Şerbetçi otu bir tırmanıcı, spiraller çizerek, yılan gibi ilerliyor. Mart aylarında topraktan çıkarak sarılacak bir ağaç, duvar ya da sırık buluyor ve büyümeye uzamaya başlıyor. Ayrıca kampın girişinde, köşede ve dere kenarında da şerbetçi otları mevcut.

Şerbetçi otu bir sene sonra kendini yeniden hatırlattı. Ekim ayında meşhur çiçeklerini yeniden açtı. Bu sefer hazırlıklıyız, Şerbetçi otu çiçeklerini toplayacağız. Görüntü güzel fakat koku/aroma yeterince yoğun değil. Yabani olduğunu düşündük. Ondan olabilir mi dedik.

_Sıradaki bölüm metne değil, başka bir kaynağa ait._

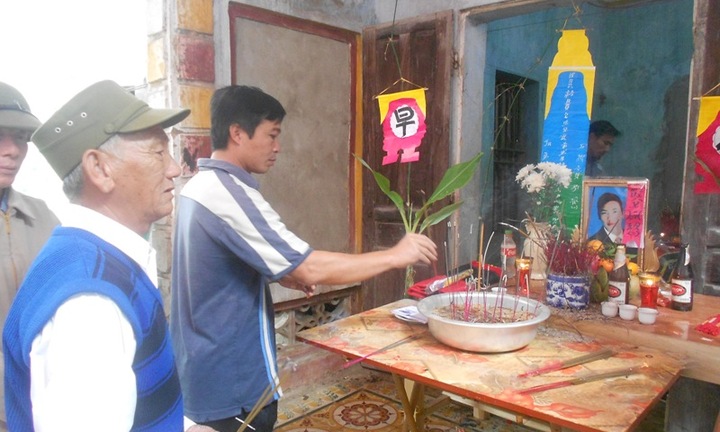 Vụ 3 người tử vong sau ăn ốc: Tang thương bao trùm xóm chài nghèo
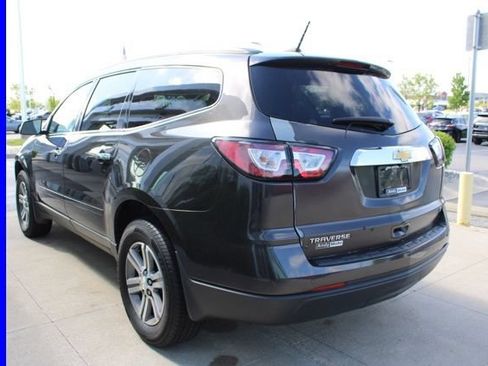 Used 2017 Chevrolet Traverse LT FWD image 4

Kasım ayına geldiğimizde yine bir arpa suyu fermentasyon sohbetinde konu yine şerbetçi otuna ve kampımızdaki şerbetçi otuna geldi. Gittik baktık. Artık çiçekler kararmaya ve solmaya başlamış. Zamanı geçti diye düşünüyorduk. Fakat o nasıl güzel bir koku. Çiçekler de hafif yapışkan. İşi gücü bırakıp çiçekleri topladık. Dikenli bir alanda olması toplamayı zorlaştırdı. Belki de uzun yıllar onu dikenler korumuştu.

Üç kökten 200gr şerbetçi otu çıktı. Fakat biliyoruz ki şerbetçi otundaki alfa asitleri uçucu ve kısa süre içinde kullanılmalı ya da hava geçirmez şekilde paketlenmeli. Bir katılımcı kendi arpa suyu fermentasyonu için aldı. Bir ay sonra  tadına bakma fırsatımız oldu. Aromayı şöyle tarif ettik: dolgun, gövdeli, çiçeksi kokulu ve hafif baharatlı.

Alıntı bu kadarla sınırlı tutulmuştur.